The Economist has a good and thoughtful round-up of the recent flurry about North Korea's provocative missile trials.

On the first note Pakistan and not North Korea is the most dangerous country in Asia according to the Economist's editors but still we should worry, at least a bit.

'With its medieval economy and eccentric leader, the Hermit Kingdom often seems more tragi-comic than threatening. By many measures, North Korea is not even the most terrifying country in Asia; that dubious honour belongs to Pakistan (see leader and survey). Evil though Mr Kim undoubtedly is, the chief dangers his regime poses to outsiders are often accidental: that one of its rockets will unintentionally hit Japan, or that North Korea's economy will collapse (something that terrifies both China and South Korea). Mr Kim claimed that his previous launch—of a Taepodong missile over Japan in 1998—put into orbit a satellite which then warbled patriotic tunes back from space. In fact, although that rocket flew farther than this week's ones, its final stage plopped into the Pacific.'


'Yet there are still grounds for worry. Mr Kim would not be the first to claim a space programme as disguise for a weapons programme, and rockets that can lift other things into space can carry warheads too.'

But what is the point then? Well, Mr Kim wants to be taken seriously of course ... 'Iran and India' seriously. I think the Economist's point about the six-ways talks is on the spot. Mr Kim saw an opportunity and took it.

'So what is Mr Kim up to? Miffed at America's recent crackdown on his kleptocratic regime's hard-currency take from dollar counterfeiting, drug running and the like, this week's display was partly a rocket-fuelled raspberry at George Bush. It may also partly have been intended as a technology demonstration for the few countries still in the market to buy North Korean missiles, such as Iran (if so, it did not work well). But Mr Kim's biggest target was surely the six-way talks; in particular, he wants to be treated more like Iran or, especially, India.'

The future path depends much on China according to The Economist ...

'The temptation for a wounded China will be to blame all this on America and Japan. China does not want to antagonise the unpredictable Mr Kim; and it is keen to draw South Korea closer in the game of regional rivalries (both countries have rows with Japan over disputed islands). The result could be a new round of regional suspicion and rivalry—or worse.

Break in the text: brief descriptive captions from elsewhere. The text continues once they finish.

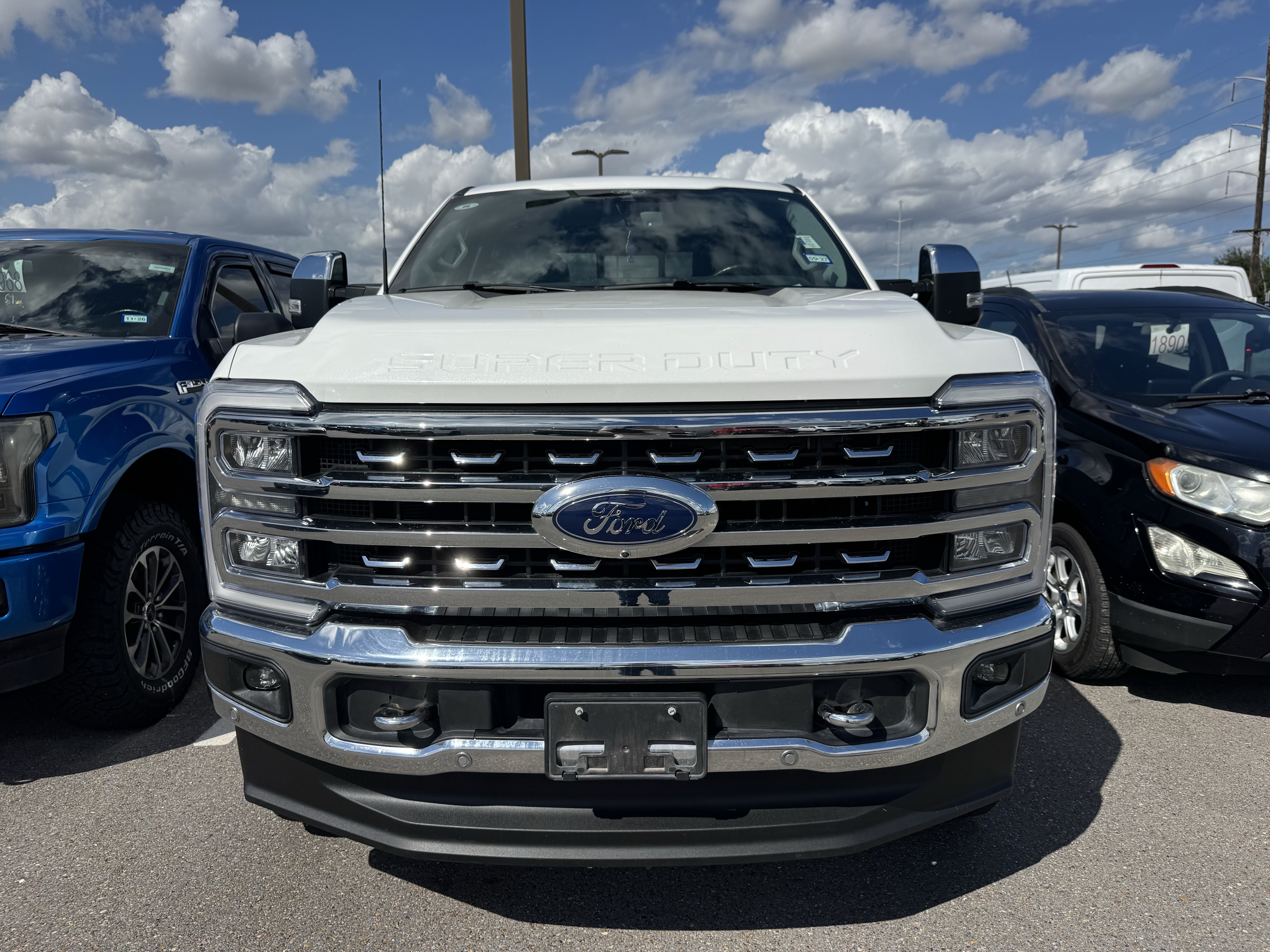 Certified 2024 Ford F250 Lariat w/ Lariat Ultimate Package AWD/4WD image 1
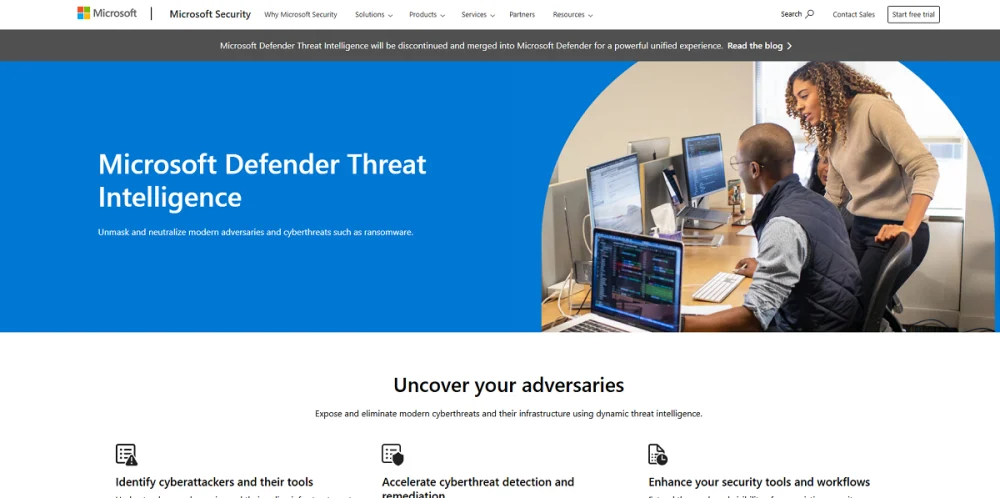 Microsoft Defender Threat Intelligence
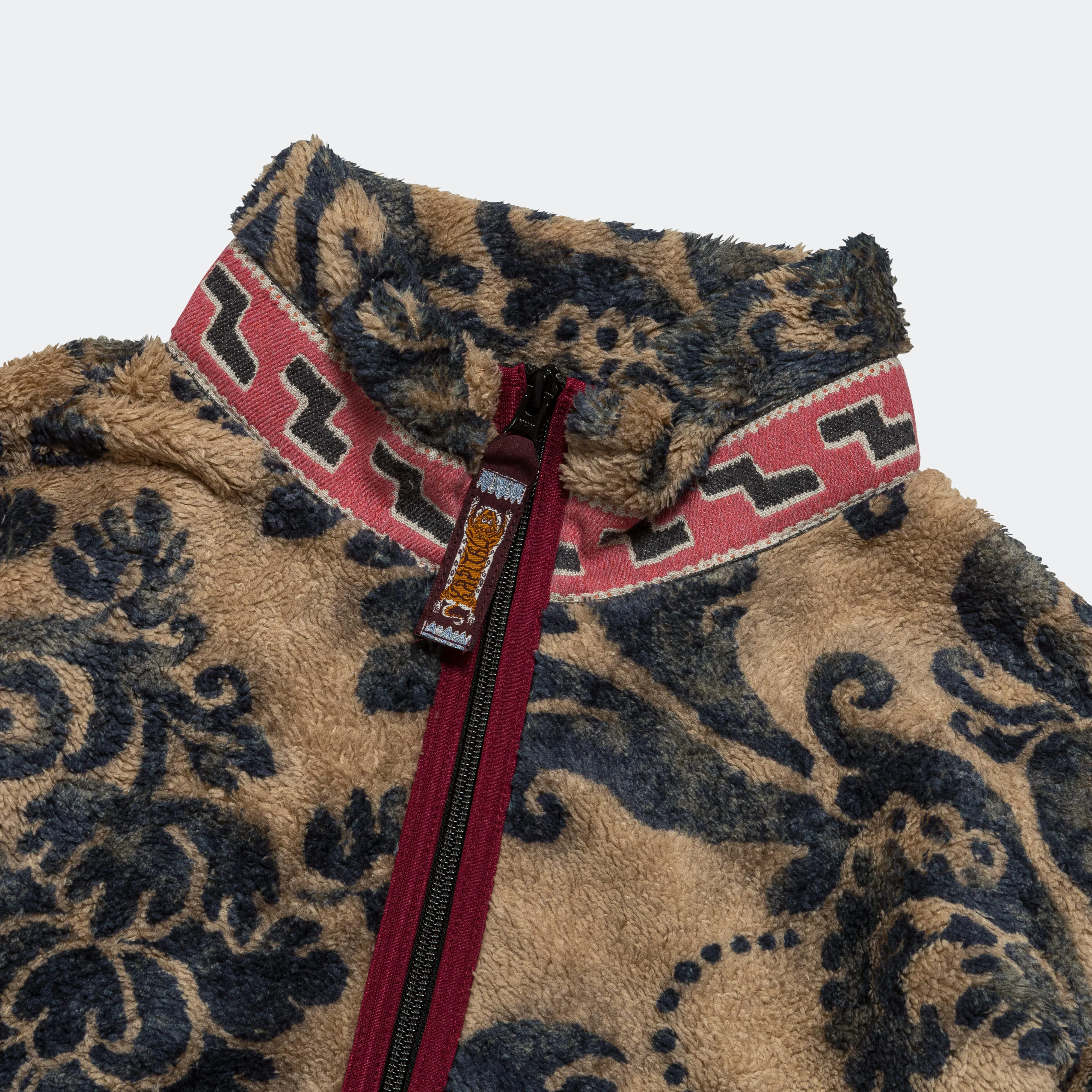 DAMASK Fleece ZIP Blouson (VirginMary) - Beige - Image 47
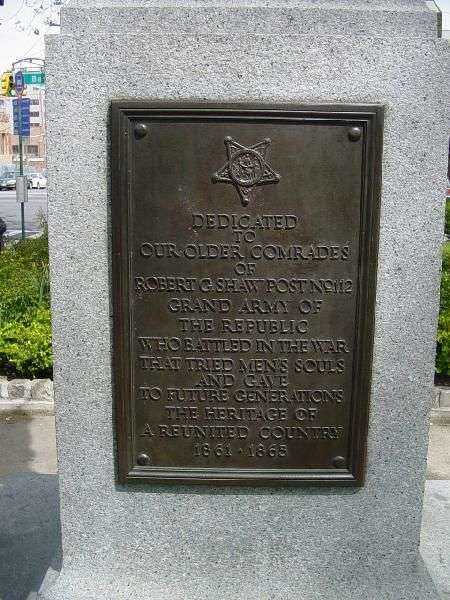 TOMPKINSVILLE PARK SPANISH-AMERICAN WAR MEMORIAL PLAQUE C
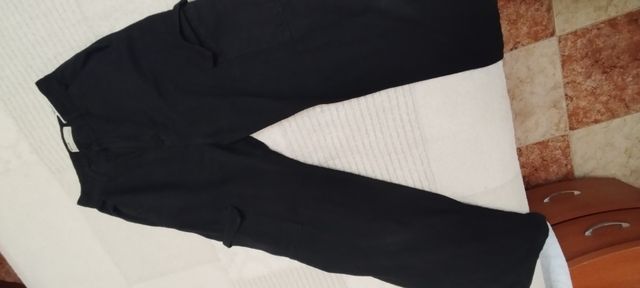Pantalón Cargo Negro XS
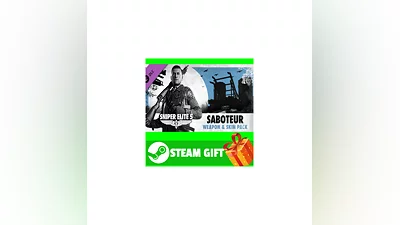 ️ Sniper Elite 5: Saboteur Weapon and Skin Pack STEAM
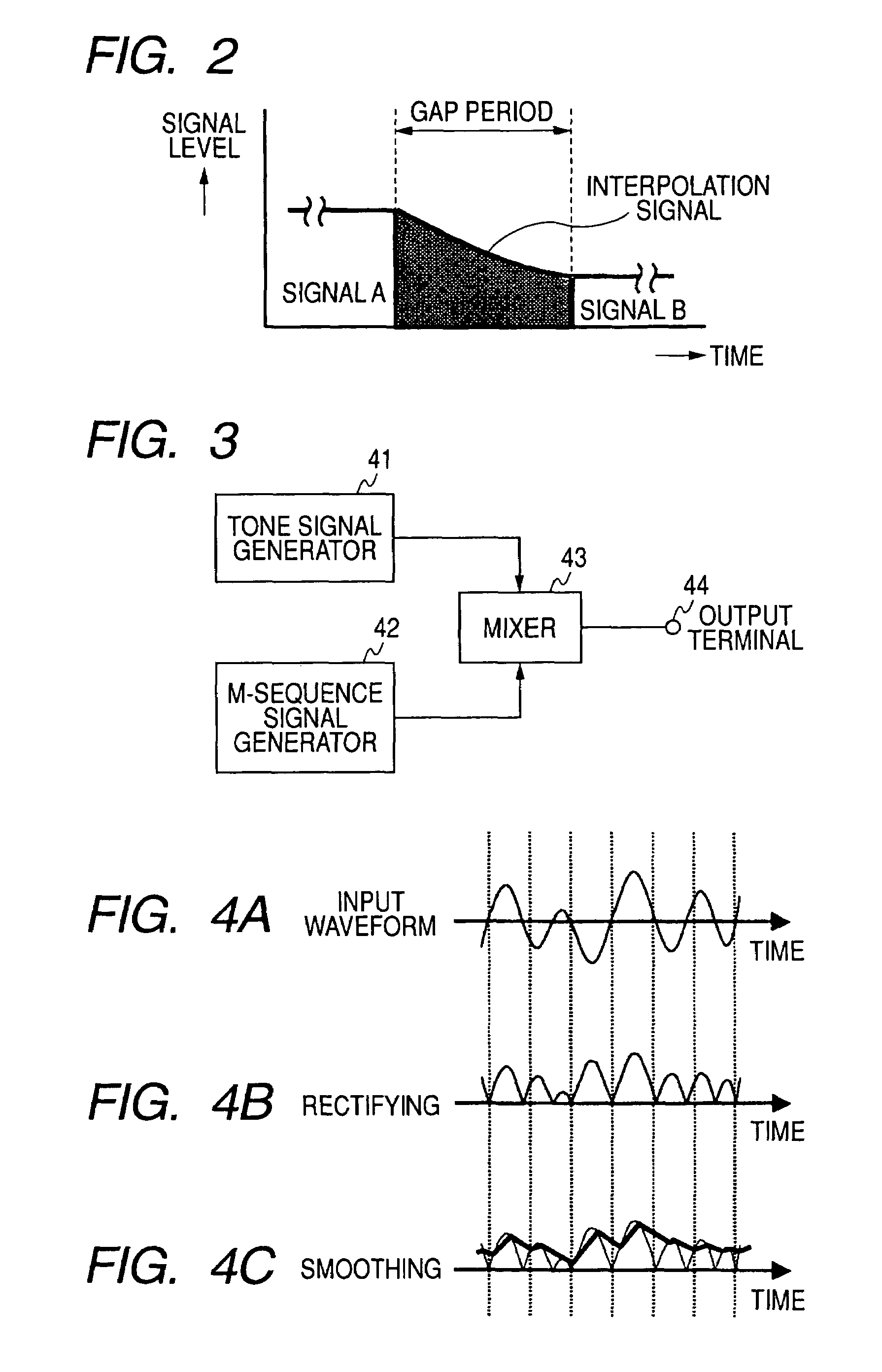 Audio signal noise reduction device and method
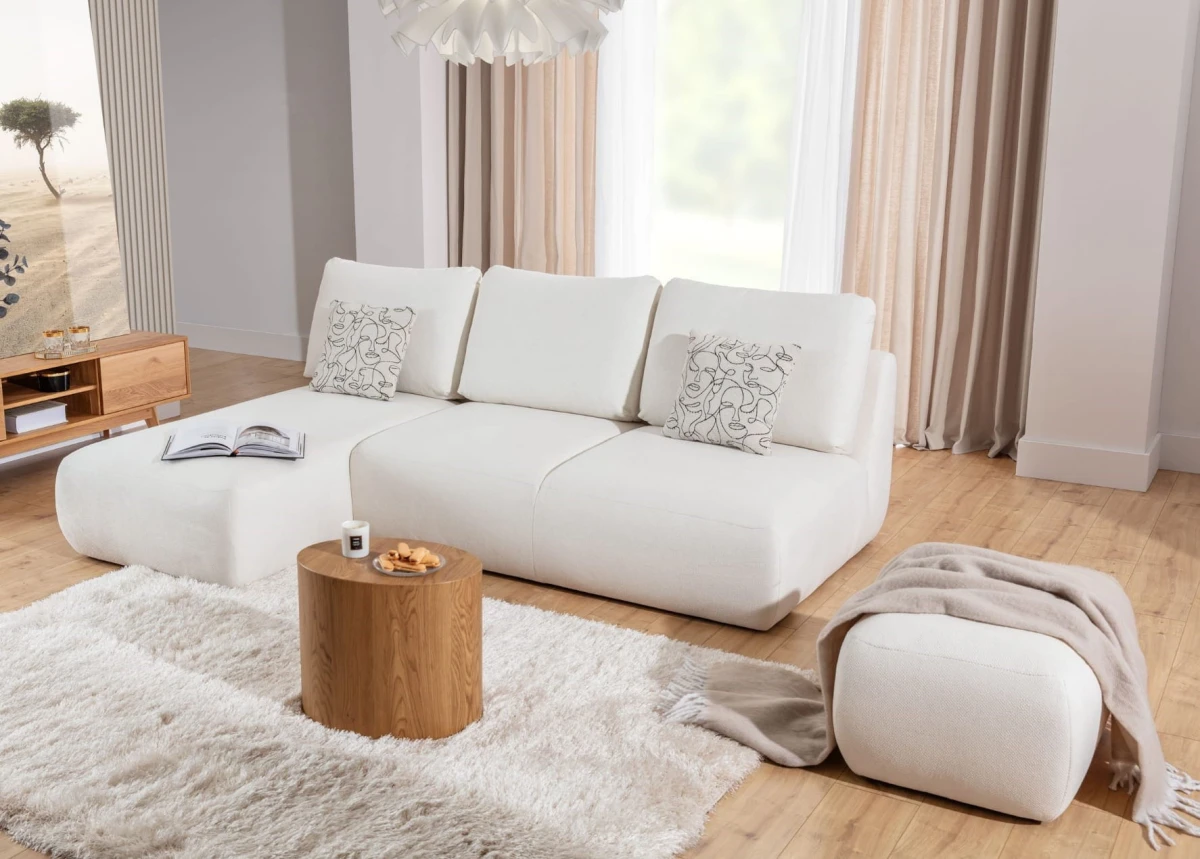 Pufa DIONIZOS Mini Modułowa 72 cm w Salonie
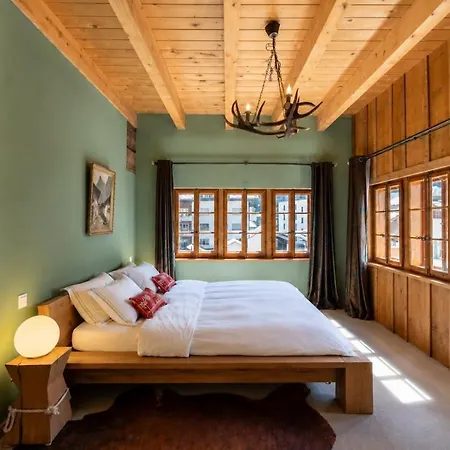 Chalet Sibylle With Sauna And Gym Saas-Fee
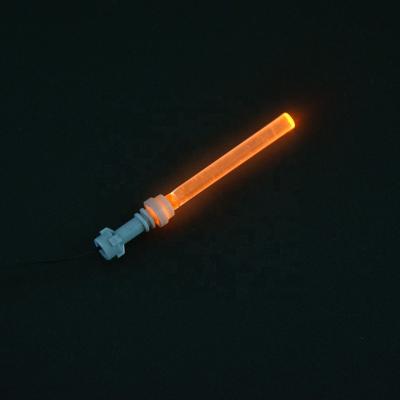 China DIY TOY Wholesale Legos Lightsaber Yellow led light for Starwars laser sword toy for sale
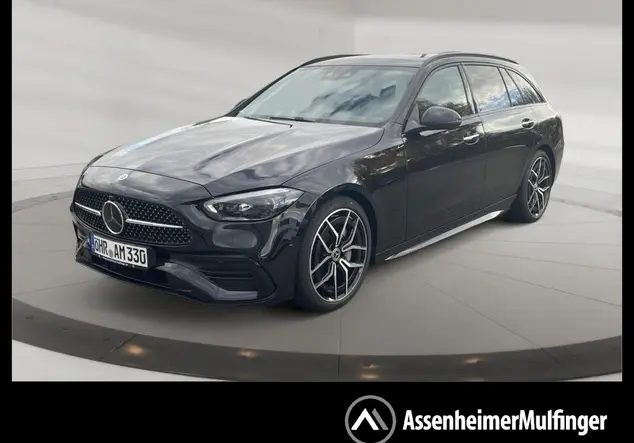 Angebotsdetails Mercedes-Benz C 300 4MATIC T-Modell Metalliclack obsidianschwarz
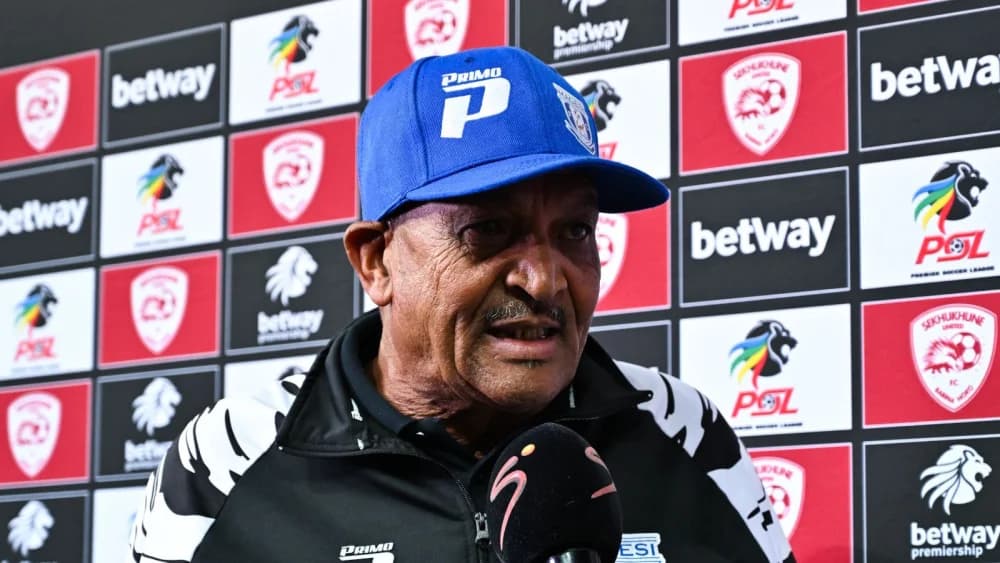 Under-pressure head coach Allan Freese defiant as Magesi's struggles continue Under-pressure head coach Allan Freese defiant as Magesi's struggles continue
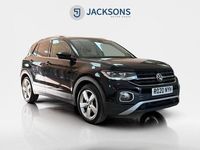 Used VW T-Cross SEL 115 HP (84 kW) 2020 Black SUV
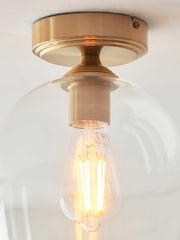 Gallery Home Aged Brass Ashton Ceiling Light - Image 3 of 4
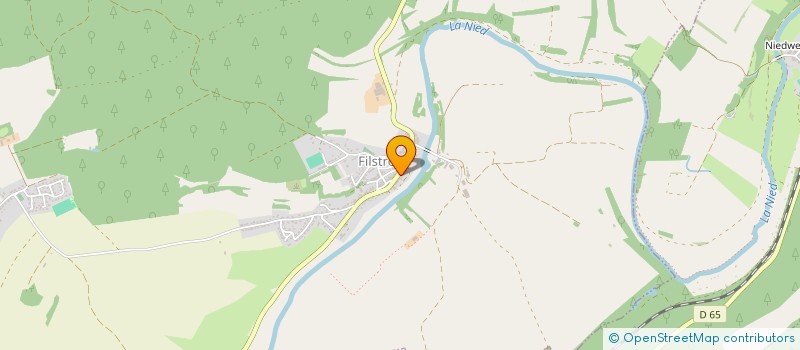 localisation de l'entreprise PGRL  FILSTROFF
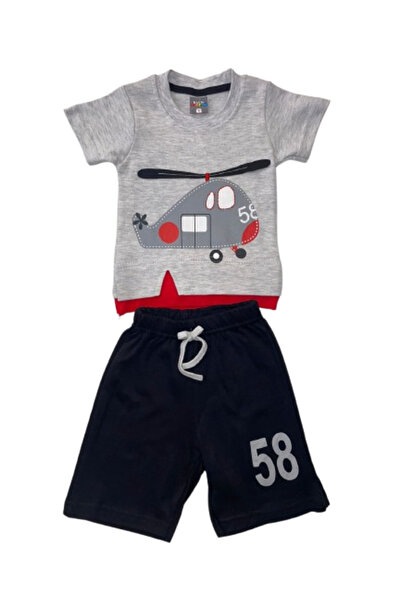 GENERAL Boys' T-shirt and shorts suit set - 3-12 months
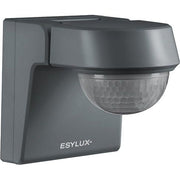 ESYLUX - Bewegungsmelder/Präsenzmelder komplett Bewegungsmelder DEFENSOR #EM10025389 anthrazit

Alternatively China could shoulder some real responsibility for security in East Asia and close ranks against Mr Kim. That should start with a clear condemnation from the UN Security Council. But it should go further. Loth to apply sanctions, China props up Mr Kim's regime. Holding back some of that largesse would show him that he cannot destabilise the neighbourhood and get away with it. A lot more than the awkward Mr Kim's future depends on it.